Temporary feelings (Sun. 7/29)

Today was just one of those days when I was not feelin it. I woke up an unhappy panda for some reason and it just kind of lasted all day. A lot of it was that me and Lydia were the only two that didn’t have the day off, so everyone else had a relaxed air and we had a lot of work to do, which is a morale killer. Also we were supposed to work from 7-10am, so we had to get up really early. But when my alarm went off she wasn’t up yet, and I didn’t hear Kostas around, so I was like whatever, and slept til 8:30. Then we got up and started feeding the animals, and then Kostas came down. Turns out he was waiting to hear us moving around, while I was waiting to hear him. But he wasn’t mad, because he’s really nice and flexible with working times and stuff, but we had to get some work done by 10 because Phil was coming to teach us how to make fig jam. Hence we went over and picked figs for a little bit.

We were gonna stop and then work 5-9pm, but I was still really cranky and did not want the prospect of working all evening while everyone was still off, so I went to keep working, which involved doing another whitewash layer in the wine room. I think Kostas could tell that I was feeling a little off though because he came over and was nice and told me to go learn about the jam as part of my work hours. While the jam was boiling, Lydia and I did the whitewashing. The the jam was soo so tasty! And really easy to make, and all natural. You just put cut up figs in a pot and boil them with sugar for about 25 minutes.

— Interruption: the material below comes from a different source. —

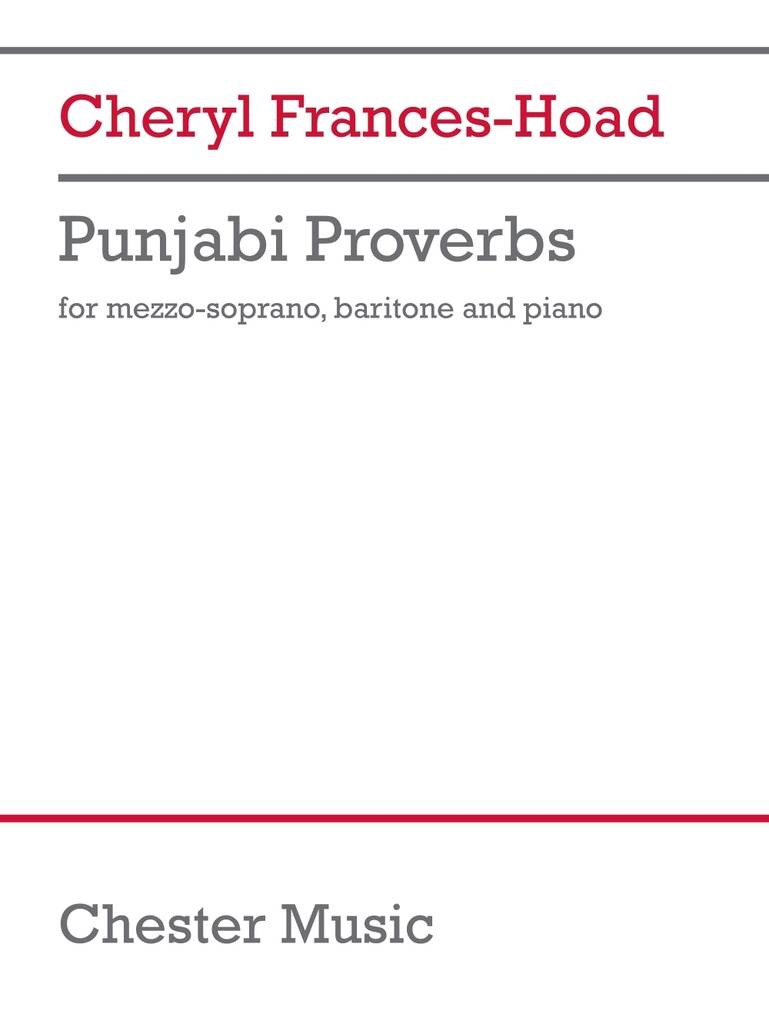 Punjabi Proverbs
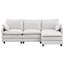 Canapé modulaire 4 pièces 4 pièces-1384951711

After we were done, I was thinking of walking into town, but also kindof didn’t want to, and then I decided to go anyway. Even though I almost turned around no less than 3 times while walking up the hill. But I eventually made it to Manolis’ where I found Phil, Kostas, and Katrina who had left to go into town earlier. That was nice to have some company, and Manolis had just brought out some post-lunch watermelon for them so he brought me a plate as well. That was definitely much appreciated after the hot trek there. I just stayed a few minutes, because I thought reading my emails and seeing some of the outside world would make me happier, but it didn’t really. Actually I felt a lil better since I was able to imessage the parentals briefly. And I got a ride back to the farm with Kostas on his bike, which was nice.

I went to the further beach to find the other 3 girls, but I couldn’t figure out how to get down there because it’s a tricky path and you have to go through a goat gate and down a lot of rocks so despite being able to see them, I just turned back and went to the normal beach. But while I walked I called my parents and talked, which was nice and slightly reencouraging. I’m still always so appreciative of how they don’t get mad when I call and am sad, and are instead always supportive and comforting. I was still having lots of feelings post-morning work and into the afternoon for some reason. I don’t quite know what was wrong, but I was just feeling weird. I think it was partly a “so close yet so far” type thing, and I felt like I had just hit a wall with my capability of functioning happily, and the prospect of having one more week to be away was slightly daunting. I just felt like being home, which is weird because I am happy here- it’s conflicting to have both those feelings at once. But today the home feeling was dominating. I felt better post-swim and post-phone call and post-beach relaxing, and headed back to the farm for the evening work, which was just 6-8pm. All we had to do was feed animals, get some figs, and water, and it wasn’t bad at all.

The Danes prepared a pie party for dinner which was so tasty! Aka more like quiche. WHICH I have never enjoyed but I REALLY LIKED IT I am a new person. They made a yummy vegetable one with our tons of zucchinis and also one with tomato and feta. AND they made apple pie for dessert which made me so happy. Afterwards, we played travel scrabble which the Boston girls brought. Try saying that 10 times fast it is quite the tongue twister. It was a lot of fun, especially since for 3 people English isn’t their first language. And it was the Danes last night so it was nice for us all to hang out together. So in the end I was fine and am happy again. Of course I haven’t hit my limit of having fun, which I probably knew deep down, but in the moment of being sad it’s hard to remember that things will be fine in like 3 hours. As my mom was saying to me on the phone, even though there’s a bad moment, think about all the awesome things that have happened so far and that for all I know I’ll have another one of those experiences any second. Mother was right, as always.